European policymakers are debating a dramatic increase in the size of continent's $594m bailout fund, amid pressure from the United States and China.
Reports from the International Monetary Fund (IMF) in Washington suggest that the outline of what the BBC has termed “a large and ambitious euro zone rescue plan” is taking shape.
The news comes after talks in Washington over the weekend between the G20 leaders, the World Bank and the IMF.
Europe has been told that it must get more aggressive in its crisis response, and so policymakers began working on new ways to stop fallout from Greece's debt crisis from further hurting the world economy.
The BBC reports that the plan is expected to involve a 50 percent write-down of Greece's huge government debt, while increasing the size of the euro zone bailout fund to $2.7 trillion.
This is how the BBC describes the mechanics of the plan:
The package is expected to involve a quadrupling – from the current projected level of 440bn euros – in the firepower of Europe's main bailout fund, the European Financial Stability Facility (EFSF).
This would be done by putting in place an arrangement that would allow the European Central Bank (ECB) to lend alongside the fund.
The EFSF would take on the main risk of lending to governments struggling to borrow from normal commercial sources – governments like Italy.

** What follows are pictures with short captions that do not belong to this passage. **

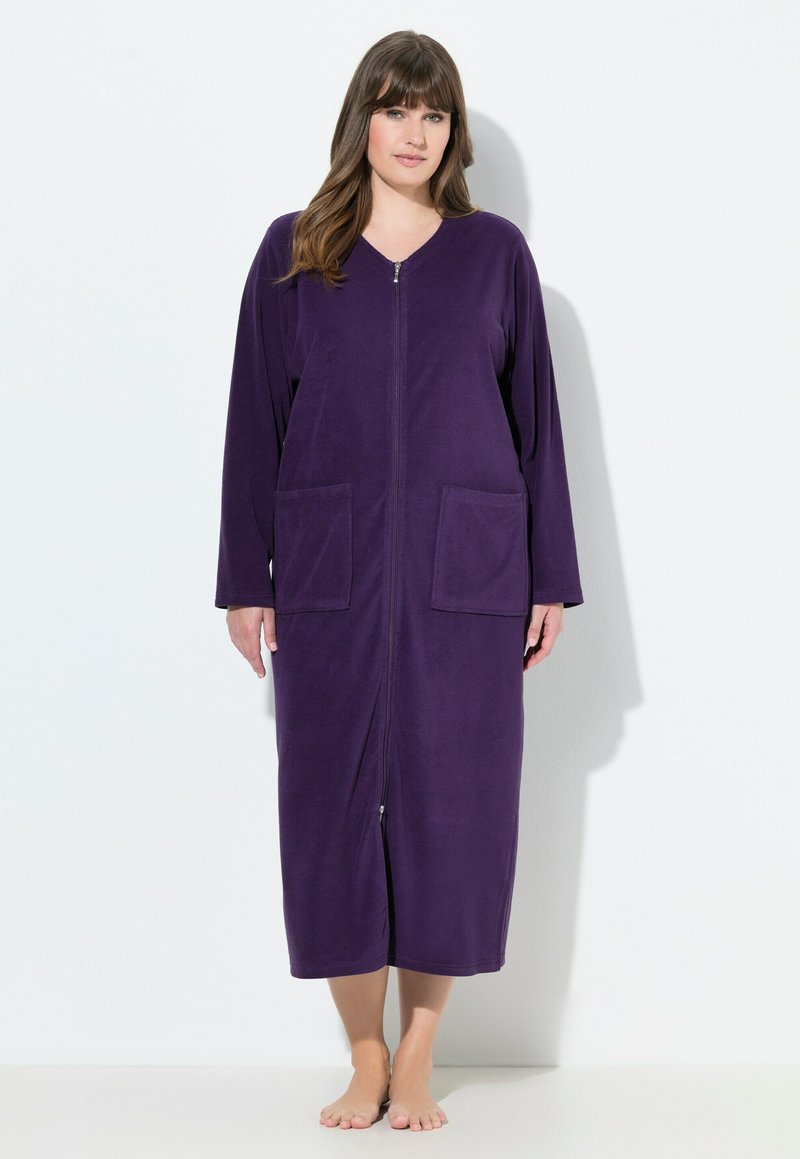 Fialový župan na zip vyrobený z měkké tkaniny, s dlouhými rukávy a dvoma předními kapsami, dosahující délky do poloviny lýtek.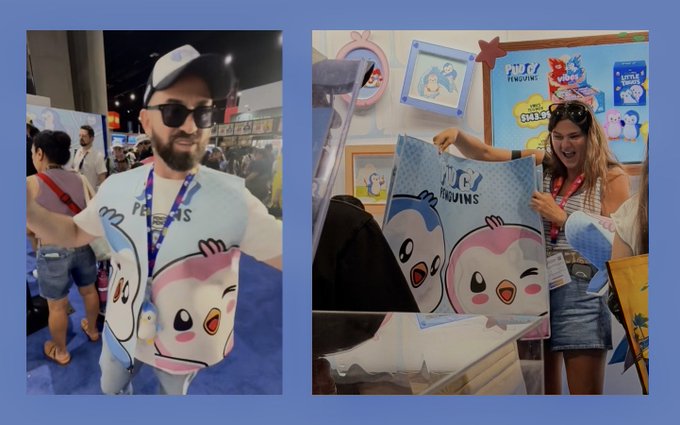 Two people at what appears to be a convention pose with 'TUFT PENGUINS' merchandise featuring cute cartoon penguin characters in blue and pink.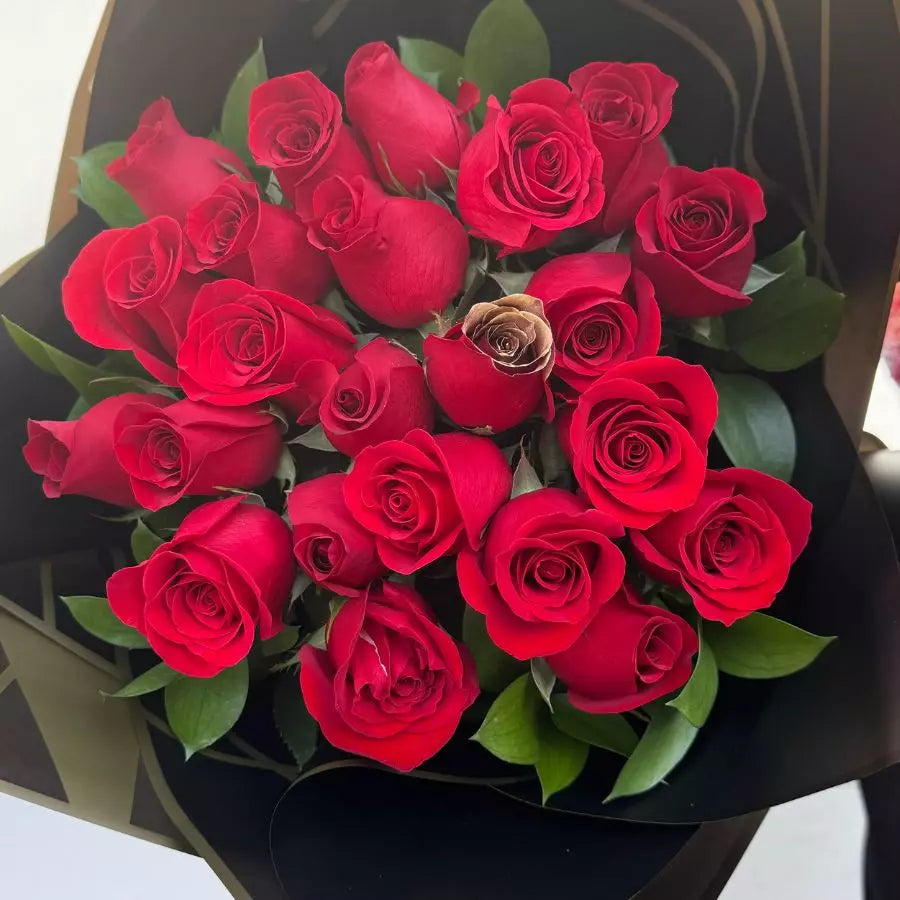 
                  
                    24 Red Roses in Buchon, intricately handcrafted with special papers, Miami roses and romantic gifts delivery service, bring a touch of romance to any occasion and leave a lasting impression with this stunning bouquet. Bouquets Flowers Miami
                  
                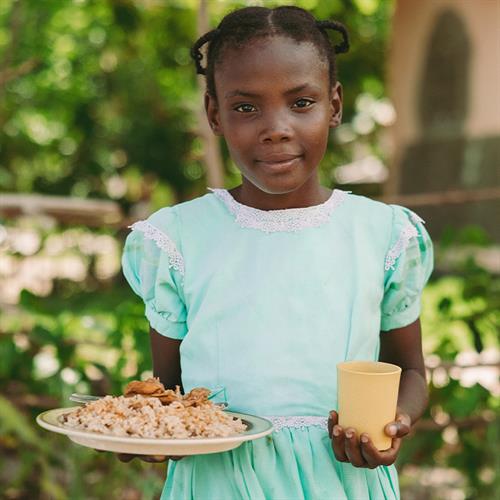 child looking at camera with plate and cup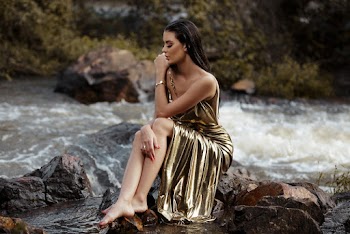Woman Wearing Gold Silk Tube Dress Sitting Beside River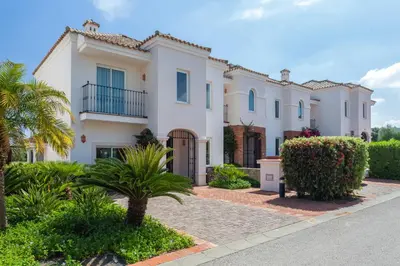 a large white house with palm trees and bushes at Villa 237 by Villamya in Arcos de la Frontera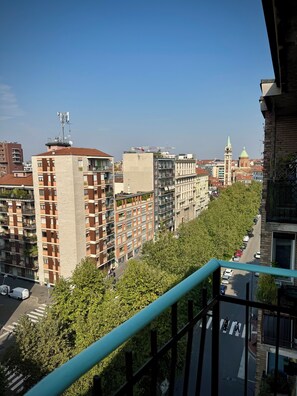 A cityscape with high-rise buildings, a prominent church with a green dome, and a clear sky. - Skyline Design Apartment - Top Floor Next to the Metro (Milano)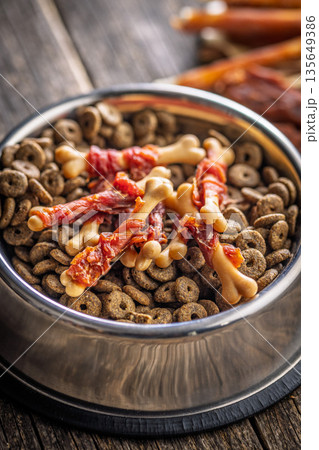 Dog food. Snack sticks for dogs and dry kibble food on wooden table. 135649386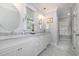 Bright bathroom featuring double vanity with marble countertops, undermount sinks, and framed mirrors at 119 Palace Grn, Cary, NC 27518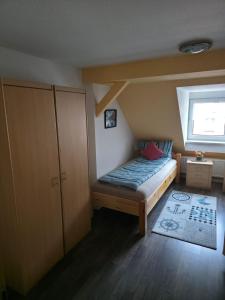 ein kleines Schlafzimmer mit einem Bett und einem Fenster in der Unterkunft Flonta Ferienwohnung in Mittweida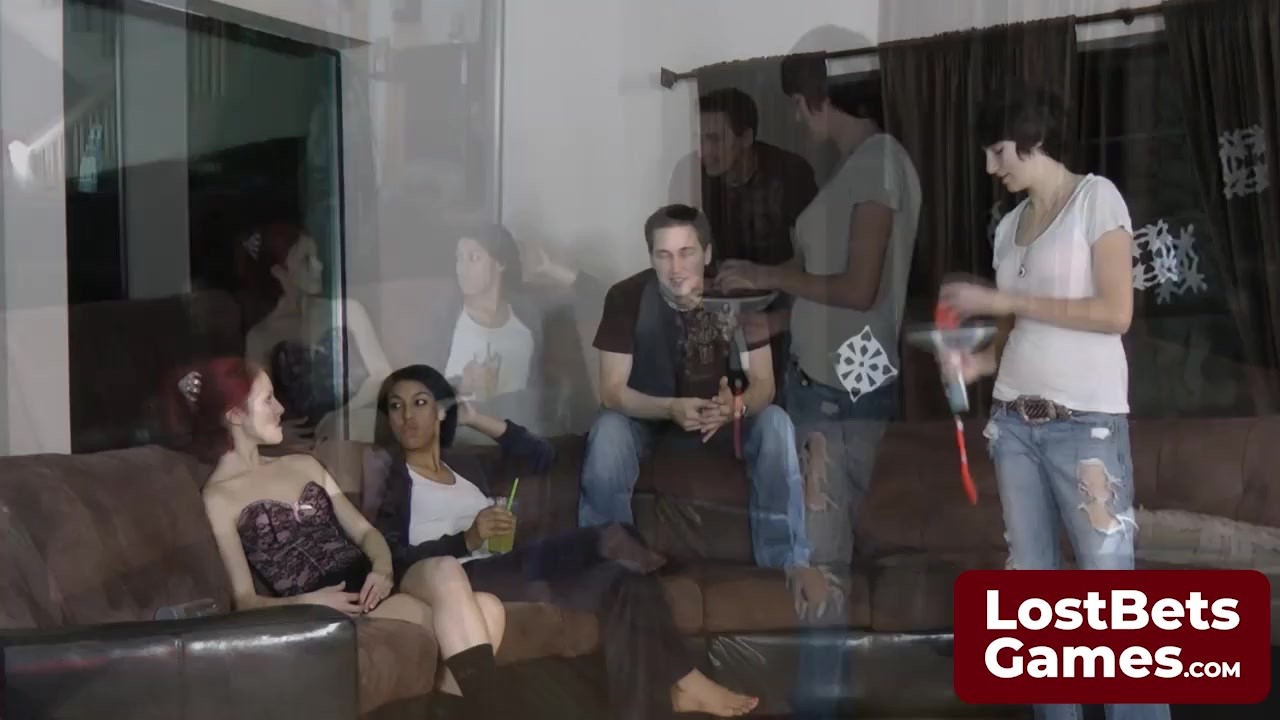 Three friends and one lucky guy playing a strip game in the ...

In this way, the EFSF would make it less dangerous for the ECB to lend.
It is understood that European governments hope to have the plan ready in five to six weeks.
Concerns about the ability of Europe to get a hold on the crisis caused financial markets to plunge on Monday.
France's Cac 40 lost 2 percent in early trading, while the UK's FTSE 100 and Germany's Dax fell about 1 percent. Asian shares also took a hit: Japan's Nikkei was down 2.2 percent, Hong Kong's Hang Seng 2.4 percent and South Korea's Kospi 2.6 percent.
A senior IMF official said Sunday that the ECB was the only player big enough to "scare" financial markets, putting further pressure on Europe, reported Al Jazeera.
There are differences in opinion over whether the ECB should commit more of its resources to helping euro zone countries and securing European banks.